Тимур поморщился, всем видом показывая, где он видел всю эту цивилизацию, но процесс адаптации отдельно взятого завоевателя уже начался, поэтому великий полководец благоразумно промолчал, продолжая атаковать танками какую-то бедную армию, которую, безусловно, ждало полное поражение, ведь в стратегии и тактике Тимуру не было равных.
Гриня побледнел и затрясся от распахнувшихся перед ним неограниченных возможностей, но, поразмыслив секунду-другую, сел рядом с покосившимся на него Тимуром и начал комментировать и направлять бой. Скоро аспирант Гриня и завоеватель Тамерлан сидели, прижавшись плечом к плечу, и рубились со всем миром, изредка издавая одобрительные возгласы в духе диких народов, идущих в атаку на врага за свой прайд.
Витька искренне изумился тому, с каким умением Гриня нашёл подход к кое-как оцивилизованному завоевателю.
– Истинный учёный, – сказал вполголоса дед Карен бабушке Таше.
Та кивнула, улыбнувшись, и побежала на кухню, откуда волнами наплывал аромат гурьевской каши.
Тем временем странный гул голосов со второго этажа стал громче, перерастая в оглушительные вопли и стук.
– Вить, – дед Карен выглядел смущённым, – ты сонеты пытался сочинить, ты понимаешь психологию писателя изнутри.

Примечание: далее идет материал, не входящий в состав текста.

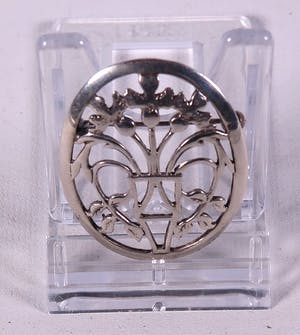 Opengewerkte zilveren broche met wapenschild. kopen? Bied vanaf 1!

Стругацкие… они сначала ссорились, а теперь, судя по звукам, дерутся. Не сходятся во мнениях на концовку рассказа.
Дед Карен страдальчески поморщился:
– Вот опять! Писатели!
Шум теперь походил на близкий обвал, землетрясение и водопад вместе взятые.
Поднявшись по узкой янтарно-золотой лесенке на второй этаж, Витька ошарашенно смотрел на сошедшихся врукопашную писателей. Разбившись на три пары, братья сопели, пыхтели, пытаясь уложить противника на лопатки. Они не брезговали запрещёнными приёмами. Слышался такой хруст и грохот, что потери были неизбежны. Седьмой брат Стругацкий бегал вокруг сражающихся и тыкал наудачу кулаком в бока братьев, выражая своё глубокое неудовольствие и несогласие.
«Как же обратиться к ним? – задумался Витька. – Господа-писатели? Не пройдёт. Когда это писатели были господами? Разве что во времена графа Льва Николаевича Толстого. Тогда как? А если?..» Витька набрал в лёгкие побольше воздуха и проорал:
– Товарищи писатели!!!
Братья Стругацкие приостановили побоище и повернулись в сторону Витьки, помешавшего им выяснять отношения, можно сказать, прервавшему сложный творческий процесс.
Но Витьку не смутило зловещее выражение на их лицах.